Re: [PATCH v1 05/14] svcrdma: Introduce local rdma_rw API helpers

Sagi Grimberg <sagi@xxxxxxxxxxx> · Wed, 22 Mar 2017 16:17:38 +0200

The plan is to replace the local bespoke code that constructs and
posts RDMA Read and Write Work Requests with calls to the rdma_rw
API. This shares code with other RDMA-enabled ULPs that manages the
gory details of buffer registration and posting Work Requests.

Some design notes:

 o svc_xprt reference counting is modified, since one rdma_rw_ctx
   generates one completion, no matter how many Write WRs are
   posted. To accommodate the new reference counting scheme, a new
   version of svc_rdma_send() is introduced.

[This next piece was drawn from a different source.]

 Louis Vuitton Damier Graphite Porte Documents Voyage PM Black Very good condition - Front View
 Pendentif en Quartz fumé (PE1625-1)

 o The structure of RPC-over-RDMA transport headers is flexible,
   allowing multiple segments per Reply with arbitrary alignment.
   Thus I did not take the further step of chaining Write WRs with
   the Send WR containing the RPC Reply message. The Write and Send
   WRs continue to be built by separate pieces of code.

 o The current code builds the transport header as it is construct-
   ing Write WRs. I've replaced that with marshaling of transport
   header data items in a separate step. This is because the exact
   structure of client-provided segments may not align with the
   components of the server's reply xdr_buf, or the pages in the
   page list. Thus parts of each client-provided segment may be
   written at different points in the send path.

 o Since the Write list and Reply chunk marshaling code is being
   replaced, I took the opportunity to replace some of the C
   structure-based XDR encoding code with more portable code that
   instead uses pointer arithmetic.

Signed-off-by: Chuck Lever <chuck.lever@xxxxxxxxxx>

To be honest its difficult to review this patch, but its probably
difficult to split it too...

+
+/* One Write chunk is copied from Call transport header to Reply
+ * transport header. Each segment's length field is updated to
+ * reflect number of bytes consumed in the segment.
+ *
+ * Returns number of segments in this chunk.
+ */
+static unsigned int xdr_encode_write_chunk(__be32 *dst, __be32 *src,
+					   unsigned int remaining)

Is this only for data-in-reply (send operation)? I don't see why you
would need to modify that for RDMA operations.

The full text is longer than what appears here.